'''
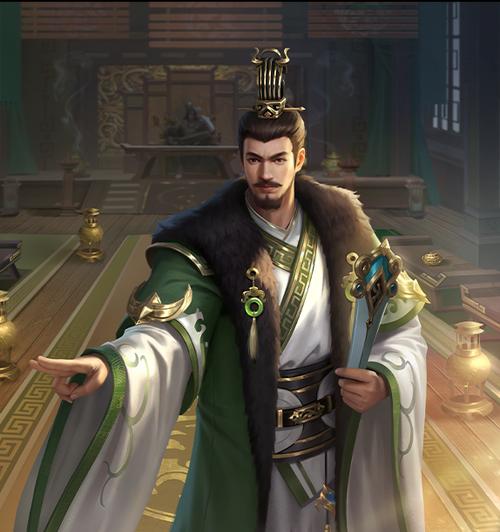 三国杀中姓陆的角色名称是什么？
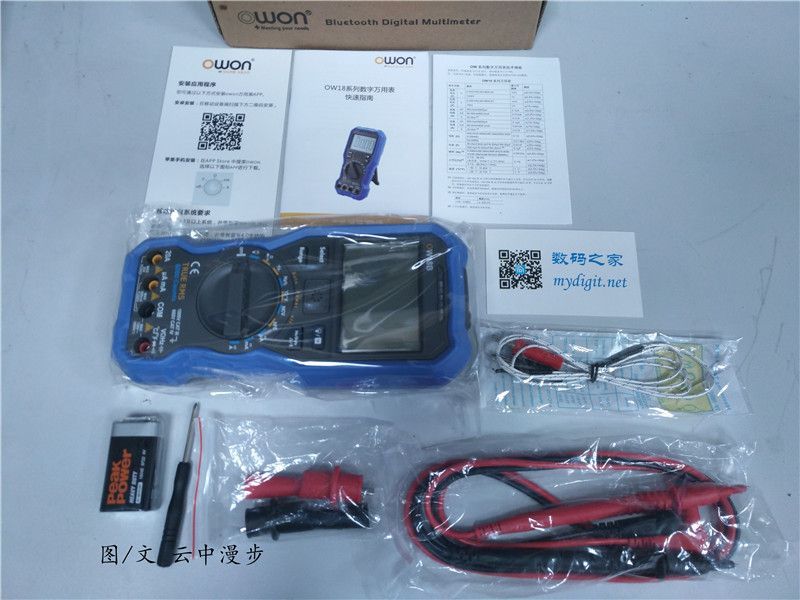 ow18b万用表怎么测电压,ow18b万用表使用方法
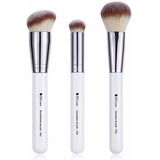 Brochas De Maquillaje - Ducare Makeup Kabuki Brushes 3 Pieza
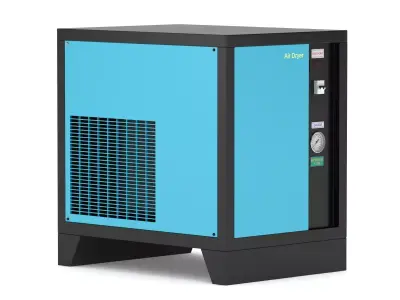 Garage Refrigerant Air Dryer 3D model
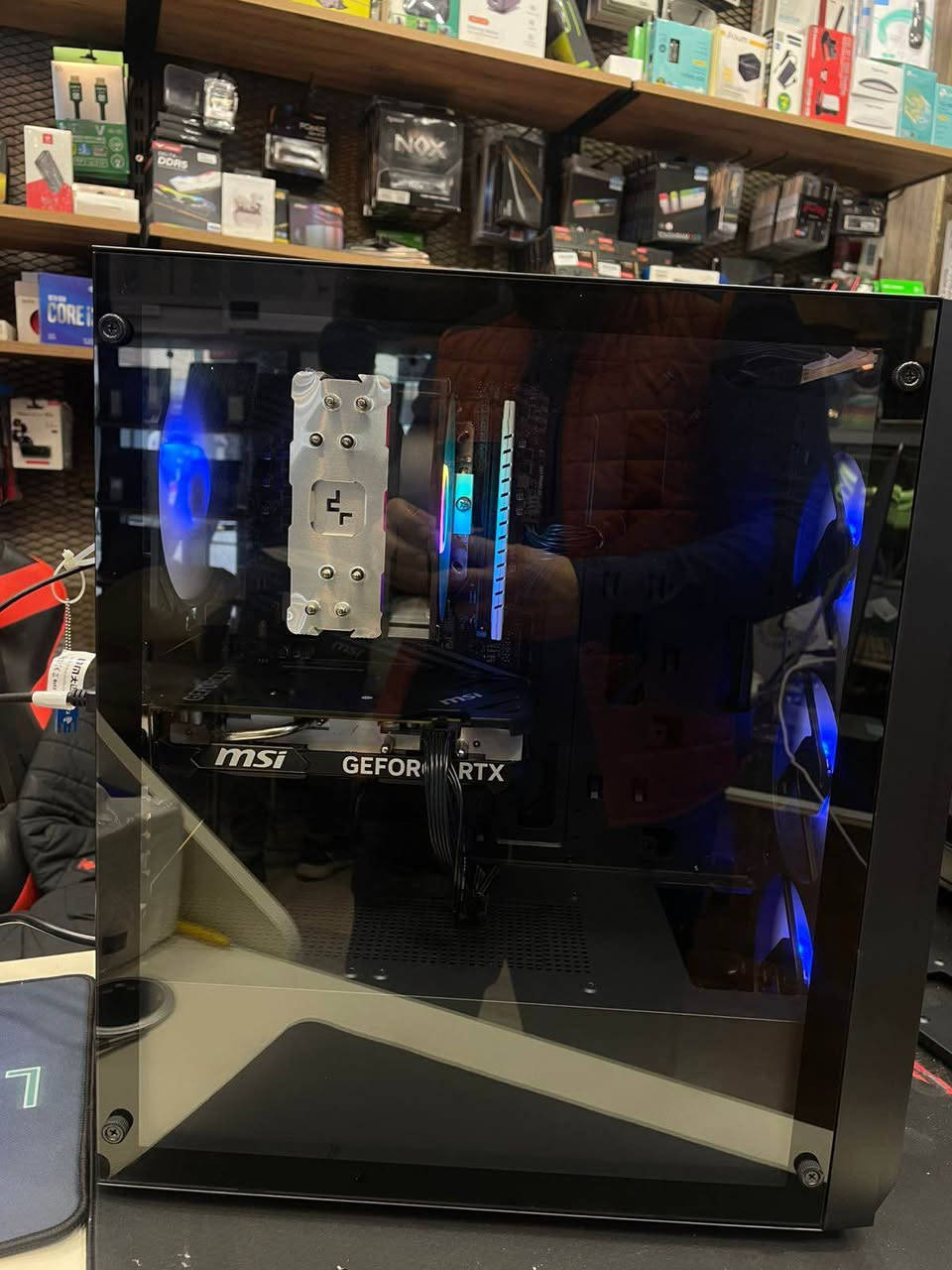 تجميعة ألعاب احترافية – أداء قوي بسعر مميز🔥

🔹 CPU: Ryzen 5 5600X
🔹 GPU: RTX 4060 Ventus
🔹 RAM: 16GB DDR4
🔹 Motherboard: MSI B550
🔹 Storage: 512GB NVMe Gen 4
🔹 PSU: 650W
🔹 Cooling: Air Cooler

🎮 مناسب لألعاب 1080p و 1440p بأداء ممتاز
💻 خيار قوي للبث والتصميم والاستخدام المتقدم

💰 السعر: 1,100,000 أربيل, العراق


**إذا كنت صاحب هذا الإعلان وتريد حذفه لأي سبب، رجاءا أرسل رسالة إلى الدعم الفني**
'''
'''
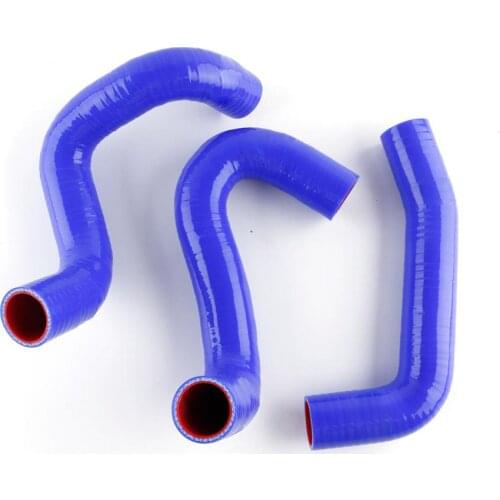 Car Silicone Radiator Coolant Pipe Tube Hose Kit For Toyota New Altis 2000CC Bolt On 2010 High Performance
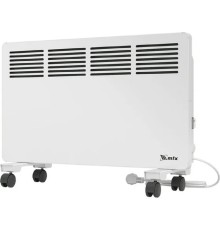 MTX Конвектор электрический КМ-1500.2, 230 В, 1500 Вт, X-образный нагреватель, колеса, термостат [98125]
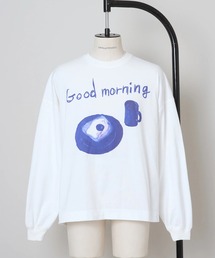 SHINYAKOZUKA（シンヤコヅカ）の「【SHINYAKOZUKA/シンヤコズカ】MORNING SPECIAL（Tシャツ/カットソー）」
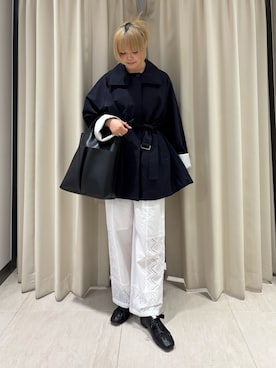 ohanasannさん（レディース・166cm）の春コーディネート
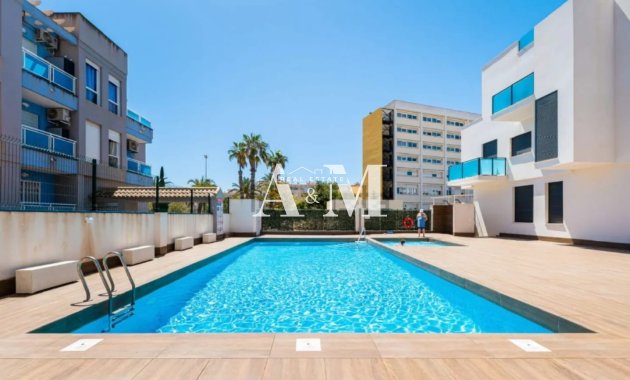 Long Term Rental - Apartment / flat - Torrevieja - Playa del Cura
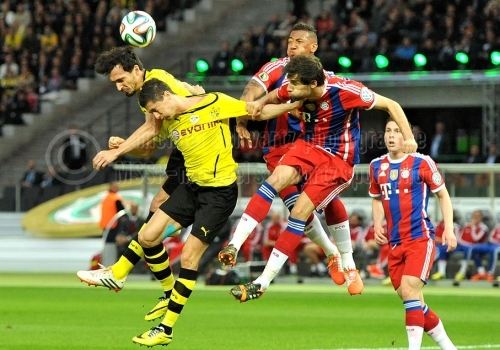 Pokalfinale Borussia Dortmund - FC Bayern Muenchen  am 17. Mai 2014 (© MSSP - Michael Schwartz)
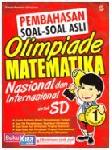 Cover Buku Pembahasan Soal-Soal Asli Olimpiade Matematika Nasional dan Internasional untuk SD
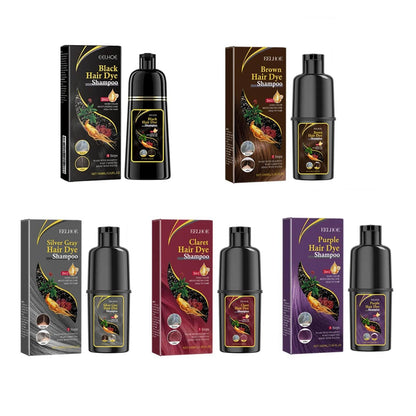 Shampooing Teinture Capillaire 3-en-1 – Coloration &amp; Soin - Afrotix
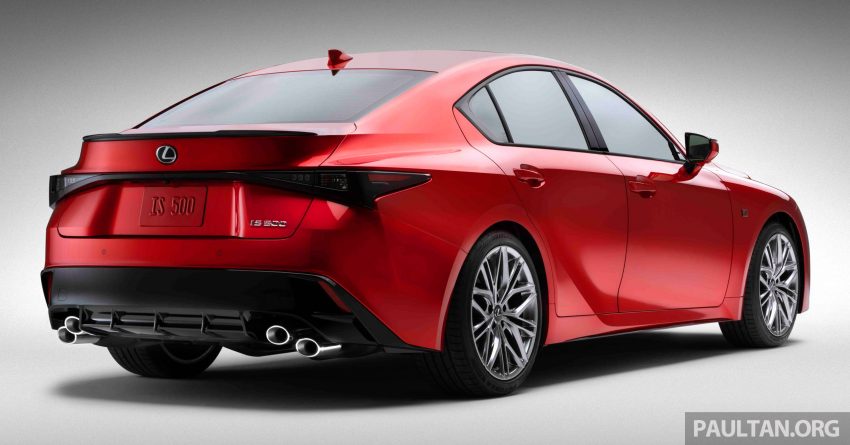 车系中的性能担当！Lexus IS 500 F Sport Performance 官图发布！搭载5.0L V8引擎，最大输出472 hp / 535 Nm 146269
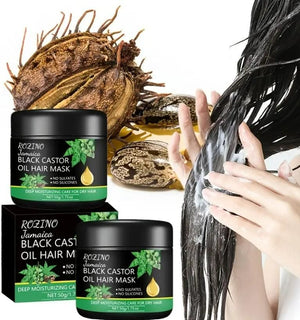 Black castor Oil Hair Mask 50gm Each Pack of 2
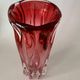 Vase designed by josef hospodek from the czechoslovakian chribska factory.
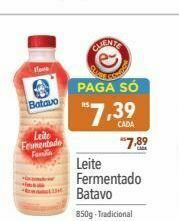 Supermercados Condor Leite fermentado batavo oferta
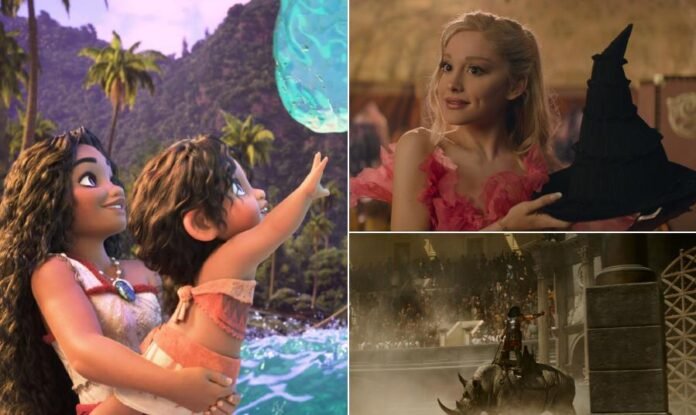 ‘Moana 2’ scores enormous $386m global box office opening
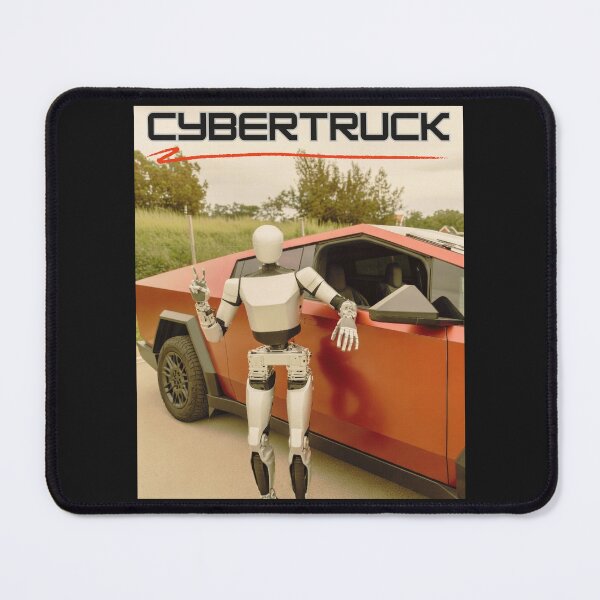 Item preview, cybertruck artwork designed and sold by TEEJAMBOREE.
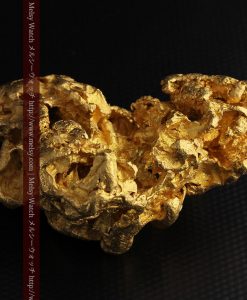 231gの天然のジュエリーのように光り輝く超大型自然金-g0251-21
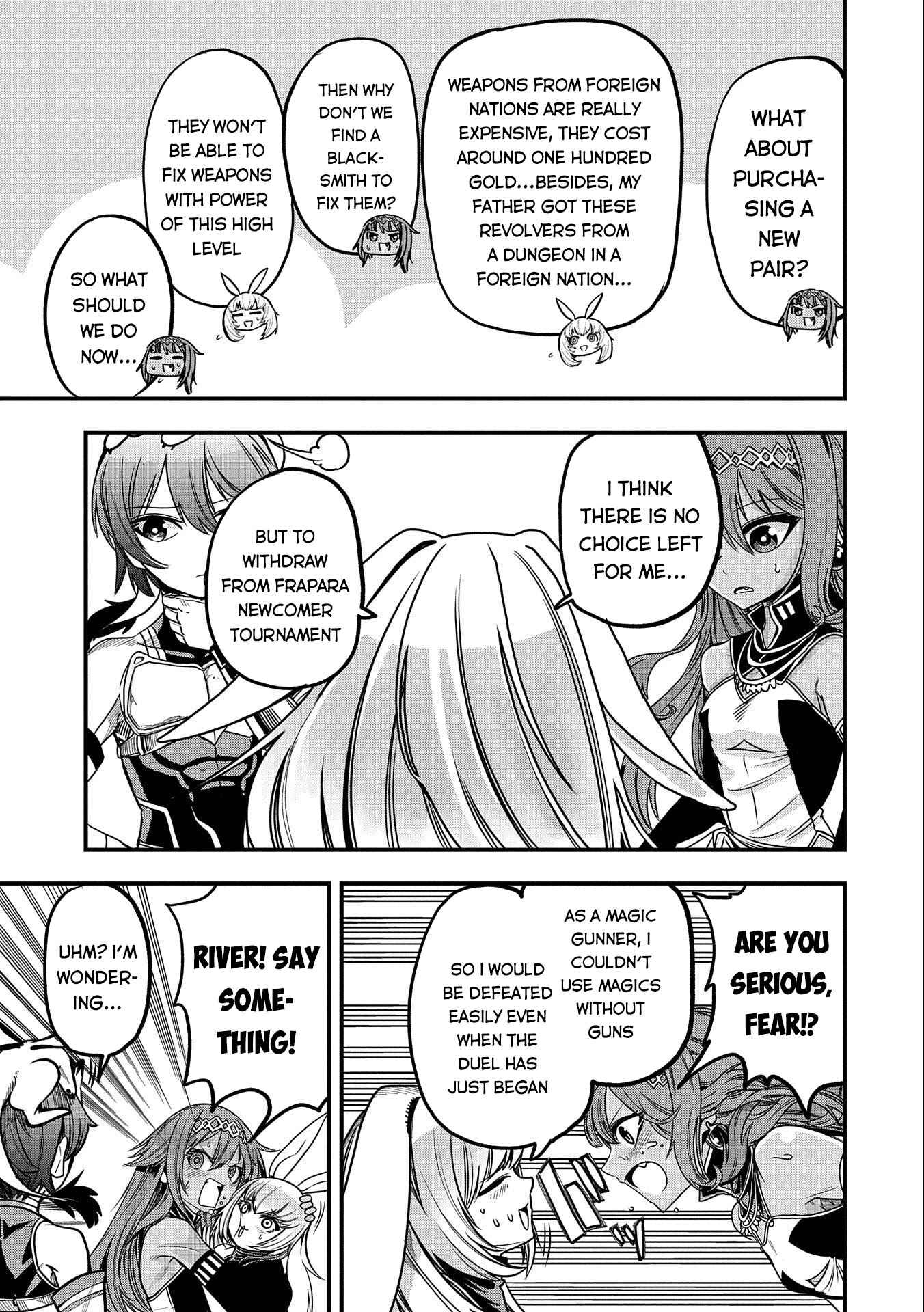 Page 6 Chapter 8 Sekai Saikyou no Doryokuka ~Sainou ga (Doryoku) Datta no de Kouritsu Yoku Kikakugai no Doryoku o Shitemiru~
'''
### DESCRIPTION OF THE TASK
Return the stretch of data that begins with the line showing "box office opening" and goes on through the line showing "Page 6 Chapter", exactly, with pictures removed.

### OUTPUT BELOW
 ‘Moana 2’ scores enormous $386m global box office opening
 Item preview, cybertruck artwork designed and sold by TEEJAMBOREE.
 231gの天然のジュエリーのように光り輝く超大型自然金-g0251-21
 Page 6 Chapter 8 Sekai Saikyou no Doryokuka ~Sainou ga (Doryoku) Datta no de Kouritsu Yoku Kikakugai no Doryoku o Shitemiru~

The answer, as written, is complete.